Jump, Uber’s brand focused on electric bikes and scooters, will halt operations next week in San Diego, a warm weather city that’s been seen as a natural fit for this form of transportation. Jump bikes will also disappear from Atlanta later this week, but its scooters will remain in the city.
This summer in San Diego and Atlanta, Uber began promoting bikes and scooters on its app’s home screen, giving the car alternatives more visibility.
“Our goal is to make Jump electric bikes and scooters a sustainable part of the transportation ecosystem. We currently have Jump products in over 25 cities worldwide and we make operational decisions on a case by case basis,” Uber said in a statement.
San Diego and Atlanta are the latest examples of Uber curtailing or halting Jump operations. It also stopped offering bikes in Dallas and San Antonio this June, and two weeks ago announced it was ending its program in Staten Island, New York. Uber also temporarily removed its e-bikes from Providence, Rhode Island earlier this month, after the bikes were used in crimes. But the company said it plans to return them to streets after finding a solution.
The news comes at a difficult time for Uber. It recently announced it lost $5.2 billion in the second quarter of this year, its largest quarterly loss ever. In July, Uber laid off roughly 400 people — about a third of its global marketing staff. On Monday, the company confirmed that it cut 435 positions from its product and engineering teams.
Uber’s stock has also dropped nearly 25% since its initial public offering in May.

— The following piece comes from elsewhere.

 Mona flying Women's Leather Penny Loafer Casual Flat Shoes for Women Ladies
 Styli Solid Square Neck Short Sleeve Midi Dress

In April 2018, Uber bought Jump, a bikeshare startup known for its popular e-bikes. It’s since expanded in the US and overseas. Jump has also joined the electric scooter trend and offers them for rent in many cities.
Uber sees the bikes and scooters as an alternative transportation solution for short trips, noting some riders have gravitated from cars to the smaller vehicles.
Uber has followed the rest of the bike and scooter industry by raising prices and adopting a per-minute charge, making longer Jump bike rides more expensive, but very short trips more affordable.